Exercise details:
Count every line of the listing where the string "will" occurs, and reply with the count alone.

Records supplied:
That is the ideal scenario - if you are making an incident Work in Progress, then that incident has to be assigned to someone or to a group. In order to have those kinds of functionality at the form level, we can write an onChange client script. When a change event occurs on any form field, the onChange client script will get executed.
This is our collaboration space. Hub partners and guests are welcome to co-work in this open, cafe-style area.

---

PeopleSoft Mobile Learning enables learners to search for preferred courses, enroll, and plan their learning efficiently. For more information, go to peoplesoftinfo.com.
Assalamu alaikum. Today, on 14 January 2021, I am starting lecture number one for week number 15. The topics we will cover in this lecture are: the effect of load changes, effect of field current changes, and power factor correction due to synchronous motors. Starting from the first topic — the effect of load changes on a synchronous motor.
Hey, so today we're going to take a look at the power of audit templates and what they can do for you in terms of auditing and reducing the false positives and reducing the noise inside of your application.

==

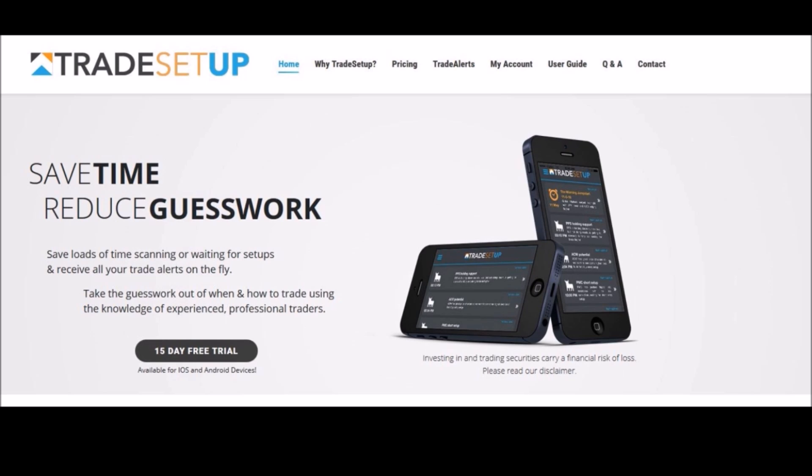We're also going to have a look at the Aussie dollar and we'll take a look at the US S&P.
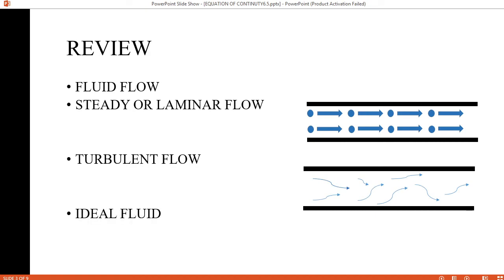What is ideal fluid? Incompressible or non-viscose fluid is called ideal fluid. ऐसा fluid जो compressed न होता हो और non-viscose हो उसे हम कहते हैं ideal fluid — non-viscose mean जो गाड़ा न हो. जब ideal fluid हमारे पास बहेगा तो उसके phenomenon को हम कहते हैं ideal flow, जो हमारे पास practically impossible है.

Written response:
2